Data for this task Start Marker

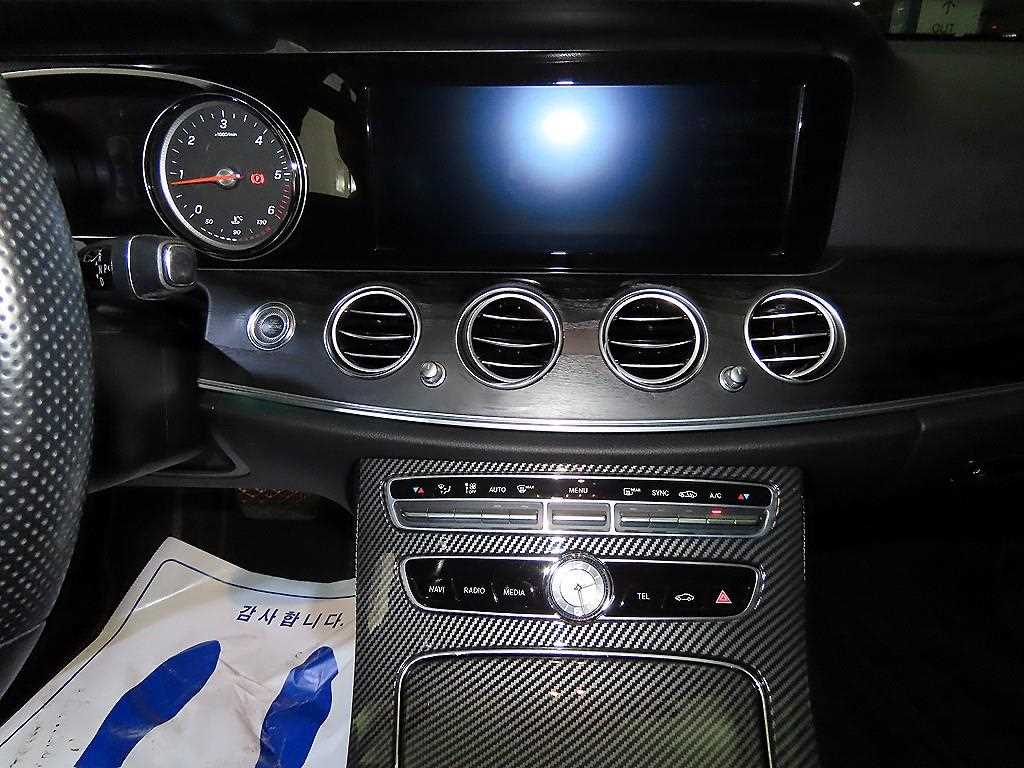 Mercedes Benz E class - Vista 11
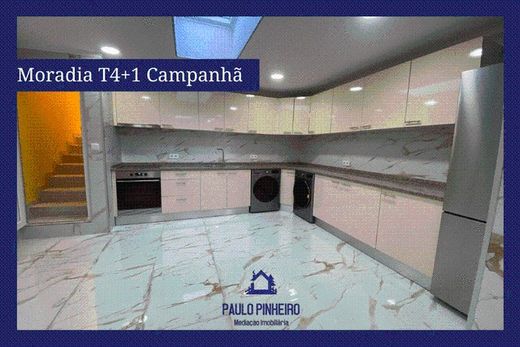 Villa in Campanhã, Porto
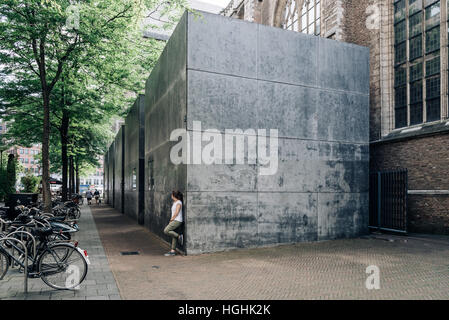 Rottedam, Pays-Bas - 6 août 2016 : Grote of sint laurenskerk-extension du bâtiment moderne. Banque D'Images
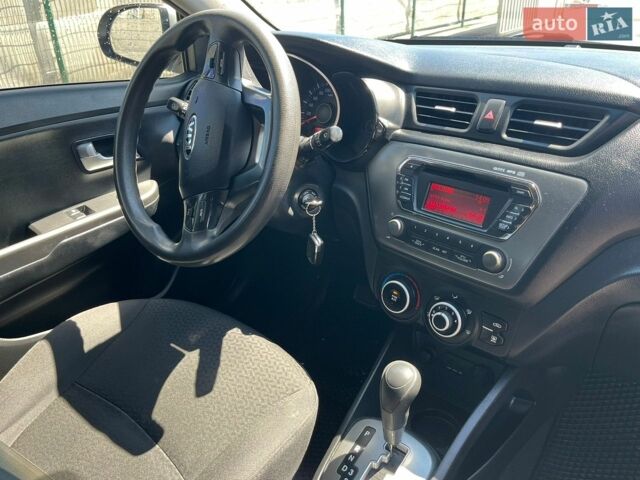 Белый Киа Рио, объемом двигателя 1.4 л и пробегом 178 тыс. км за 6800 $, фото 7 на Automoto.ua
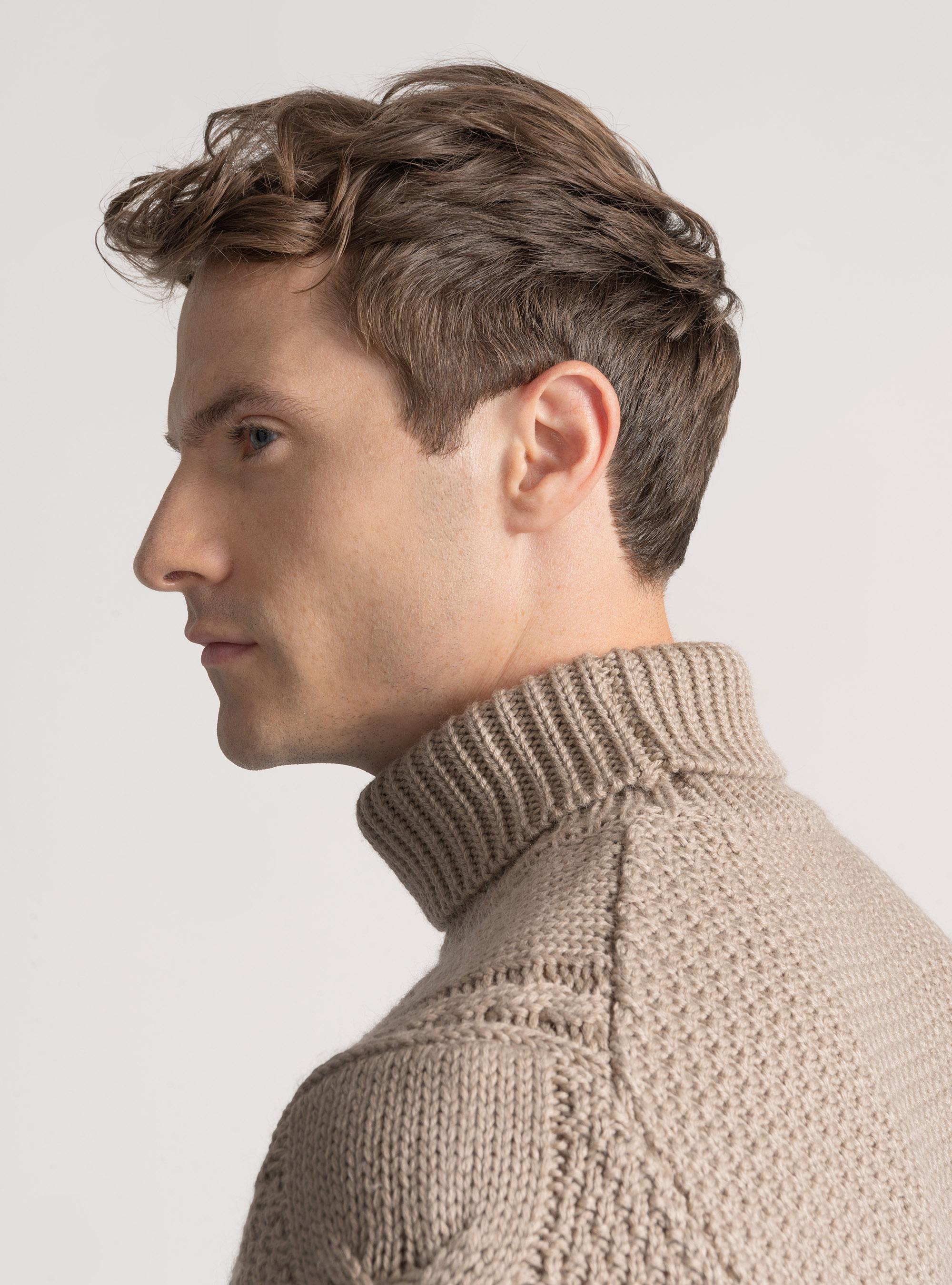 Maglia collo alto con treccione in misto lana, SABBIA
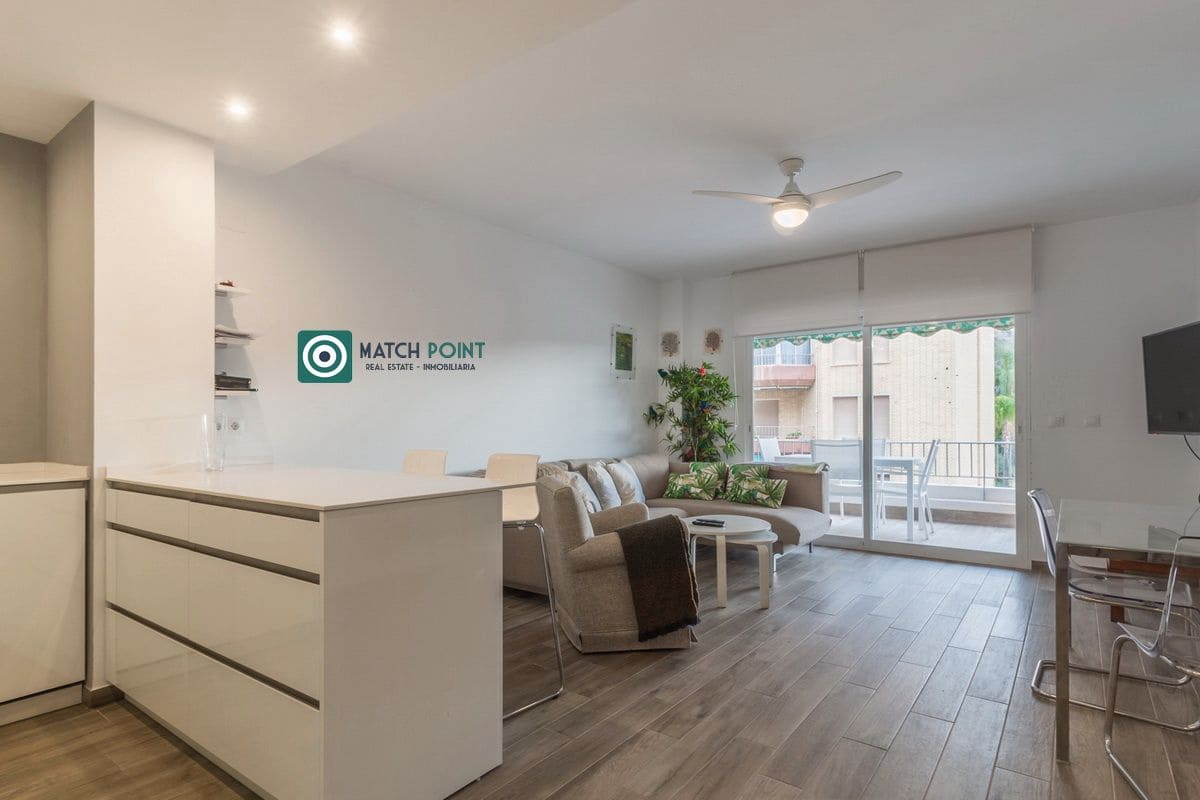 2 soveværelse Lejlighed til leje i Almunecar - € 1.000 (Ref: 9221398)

Data for this task End Marker

Requirement: With pictures omitted, restate word for word every line above from the one containing "Rottedam, Pays-Bas - 6" to the end of the entries.

Answer area:
 Rottedam, Pays-Bas - 6 août 2016 : Grote of sint laurenskerk-extension du bâtiment moderne. Banque D'Images
 Белый Киа Рио, объемом двигателя 1.4 л и пробегом 178 тыс. км за 6800 $, фото 7 на Automoto.ua
 Maglia collo alto con treccione in misto lana, SABBIA
 2 soveværelse Lejlighed til leje i Almunecar - € 1.000 (Ref: 9221398)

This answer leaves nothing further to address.